**ASSIGNMENT**
Shown below are entries with pictures; the line with "Hand embroidered pashmina" through the line with "Ladekast, Stoffen Opbergkast" is the span to retype exactly, and the pictures stay out.
SUPPLIED RECORDS: Begin
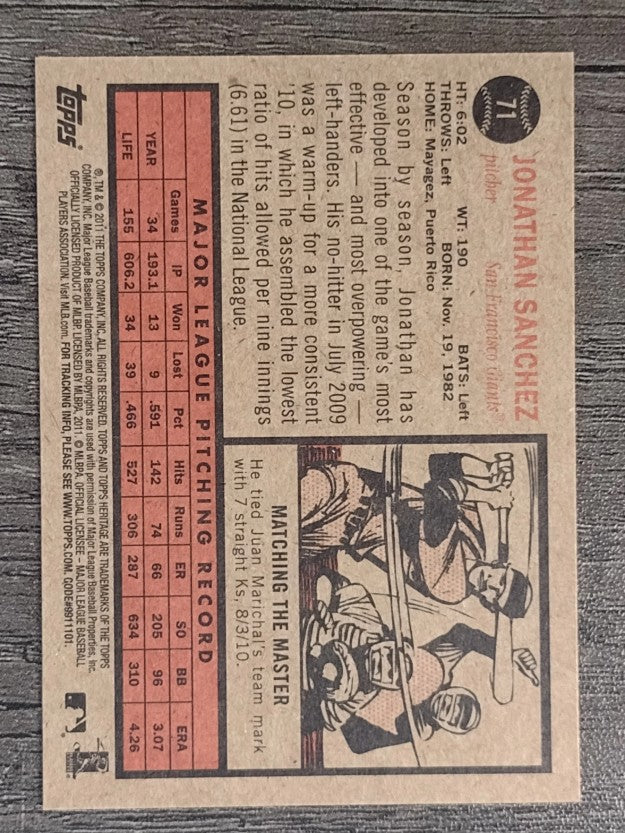 2011 Topps Heritage #71 Jonathan Sanchez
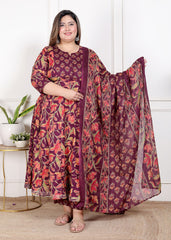 Plus Size Purple Anarkali Cotton Printed Flared Kurta Pant Set with Dupatta-210007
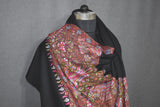 Hand embroidered pashmina shawl black 40X80 inch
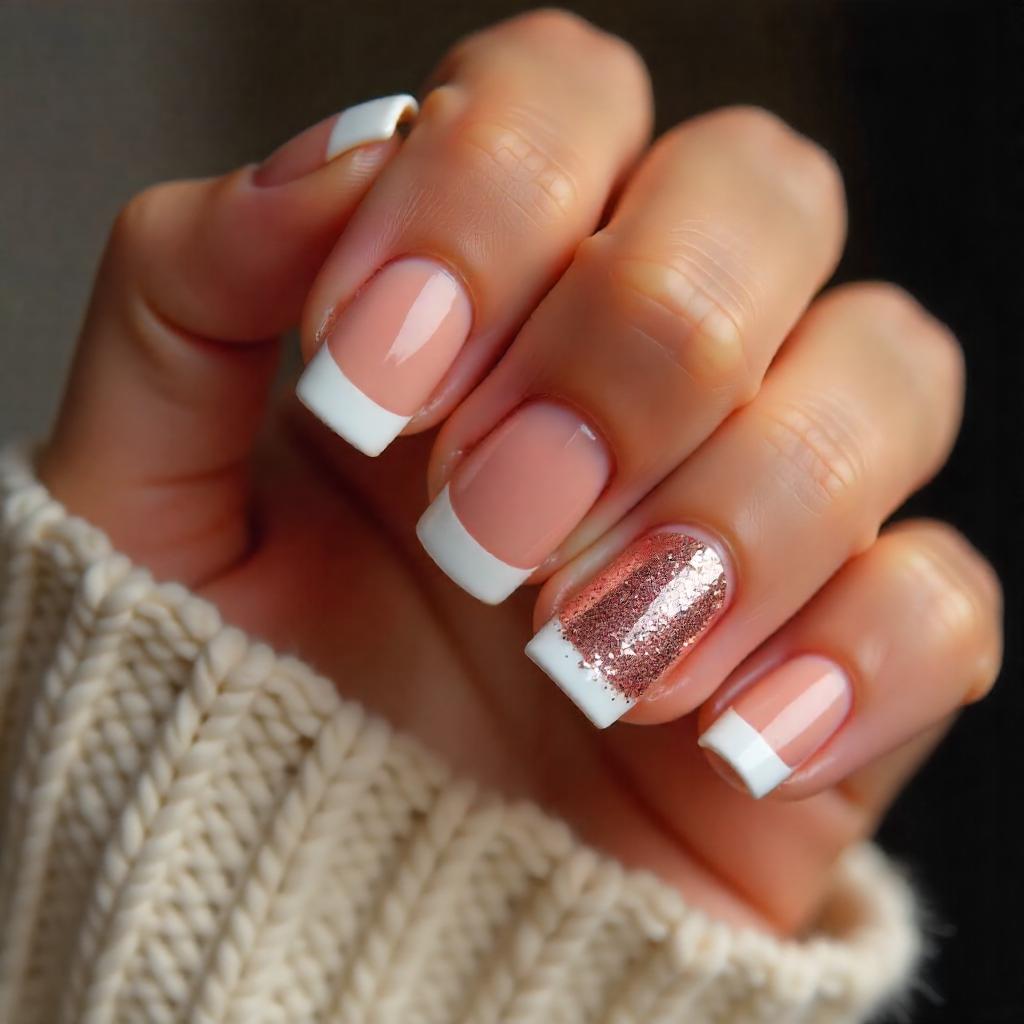 white and rose gold Glitter accent nails 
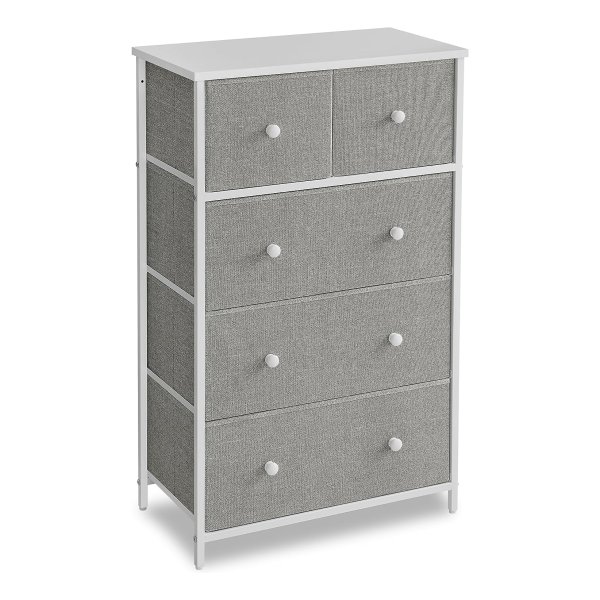 Ladekast, Stoffen Opbergkast Met 5 Lades, Dressoir, Voor Woonkamer, Hal, Kinderkamer, Lichtgrijs En Wit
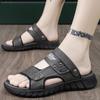 Модные летние мужские сандалии из натуральной кожи, уличные римские сандалии, пляжные нескользящие повседневные легкие спортивные сандалии с открытым носком для мальчиков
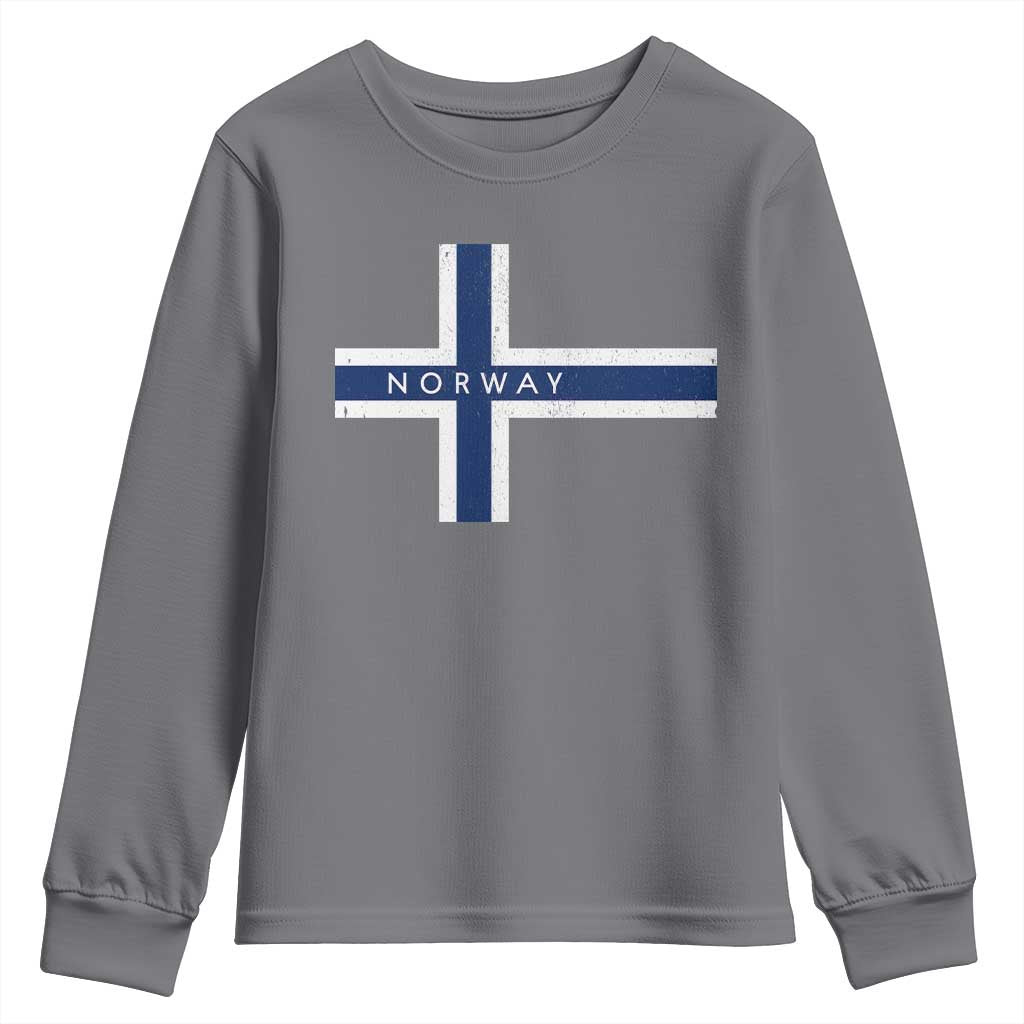 Norway Flag Cross Youth Sweatshirt Vintage Distressed Norwegian Heritage Patriotic Scandinavian Graphic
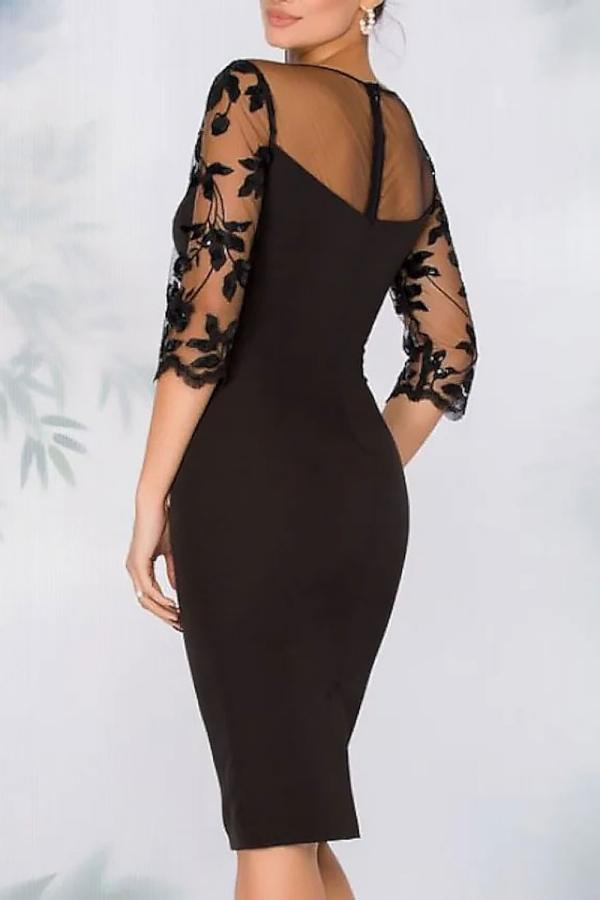 Elegant Half Sleeves Chiffon Mother of the Bride Dress with Apliques Knee-Length Wedding Party Wear Outfit-newarrivaldress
SUPPLIED RECORDS: End
**TASK RESPONSE**
 Hand embroidered pashmina shawl black 40X80 inch
 white and rose gold Glitter accent nails 
 Ladekast, Stoffen Opbergkast Met 5 Lades, Dressoir, Voor Woonkamer, Hal, Kinderkamer, Lichtgrijs En Wit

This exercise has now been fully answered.